Tuesday, June 10, 2014

CCCXLVI: To Be Continued...

"To the people who fully understood the story, the virtues of oak pointed out what was virtuous for men."
-William Bryant Logan, Oak: The Frame of Civilization



I'm bad with numbers. In spite of my current post number, a year ago today I didn't plan to, but I spent the whole day standing in the rain, watching the Cedar lane oak come down. The inability to find a conclusion to the story has strung a death vigil into a year of mourning. The mourning may not be done, but I'm sensing this project is. I sort of knew I'd never find a conclusion in my own words, I have little trust for words, and little facility with them.  I recently read the poem below for the first time, and thought that I'd found words as close as I was going to come to a final statement.  This isn't the last you'll see of The Tree, there are projects to be built from its wood, sculptures to be carved, and I'm sure the light will strike the stump just so, and I'll have to share the picture. For now however, love to all who have walked this path with me.

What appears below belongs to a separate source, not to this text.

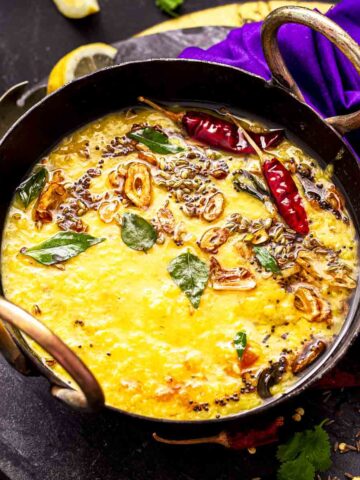 moong dal tadka served in a kadai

No true story ever has a true conclusion.

'I am not resigned to the shutting away of loving hearts in the hard ground.
So it is, and so it will be, for so it has been, time out of mind:
Into the darkness they go, the wise and the lovely. Crowned
With lilies and with laurel they go; but I am not resigned.

Lovers and thinkers, into the earth with you.
Be one with the dull, the indiscriminate dust.
A fragment of what you felt, of what you knew,
A formula, a phrase remains,—but the best is lost.

The answers quick and keen, the honest look, the laughter, the love,—
They are gone. They are gone to feed the roses. Elegant and curled
Is the blossom. Fragrant is the blossom. I know. But I do not approve.
More precious was the light in your eyes than all the roses in the world.

Down, down, down into the darkness of the grave
Gently they go, the beautiful, the tender, the kind;
Quietly they go, the intelligent, the witty, the brave.